Pesantren Al-Kahfi Somalangu, Kebumen (1475): Sang Patriark. Diakui sebagai pesantren tertua di Asia Tenggara, Al-Kahfi Somalangu adalah jembatan yang menghubungkan kita langsung ke era Walisongo. Didirikan oleh Syekh As Sayid Abdul Kahfi Al Hasani dari Yaman pada saat senja Kerajaan Majapahit, keberadaannya adalah bukti fisik transmisi keilmuan dari Timur Tengah ke jantung Jawa. Selama lebih dari 550 tahun, ia menjadi mercusuar Islam di pesisir selatan Jawa.
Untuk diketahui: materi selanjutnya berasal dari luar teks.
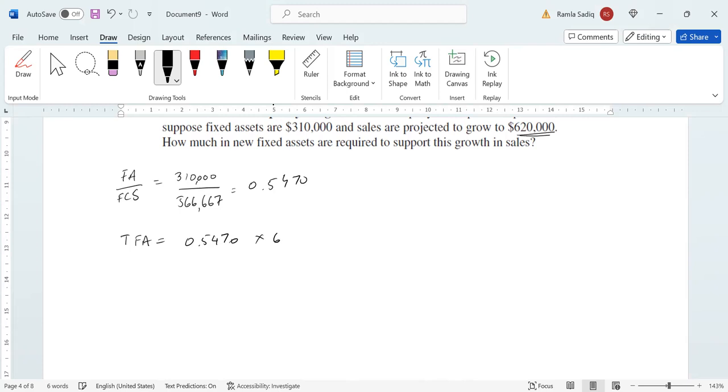Putting that into our calculators, that's 0.5470 multiplied by $620,000, and we get $339,140.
Pesantren Tegalsari, Ponorogo (sekitar 1742): Kawah Candradimuka Para Tokoh Bangsa. Pada abad ke-18, Tegalsari adalah pusat gravitasi intelektual dan spiritual di tanah Jawa. Kharisma pendirinya, Kiai Ageng Muhammad Besari, menarik ribuan santri hingga seluruh desa di sekitarnya berubah menjadi kompleks pendidikan raksasa. Daftar santrinya adalah daftar tokoh besar sejarah: pujangga agung Raden Ngabehi Ronggowarsito, pahlawan nasional Pangeran Diponegoro, hingga bapak pergerakan H.O.S. Cokroaminoto. Tegalsari adalah tempat di mana para elite kerajaan, pejuang, dan pemikir ditempa. Dari rahimnya pula, kelak lahir para pendiri Pondok Modern Gontor.
Pesantren Sidogiri, Pasuruan (1745): Simbol Ketahanan. Didirikan oleh Sayyid Sulaiman, seorang keturunan Sunan Gunung Jati, kisah Sidogiri dimulai dengan babat alas di tengah hutan belantara. Selama lebih dari 275 tahun, ia terus bertahan dan beradaptasi, menjadi contoh sempurna bagaimana sebuah institusi tradisional mampu menavigasi perubahan zaman tanpa kehilangan jati dirinya.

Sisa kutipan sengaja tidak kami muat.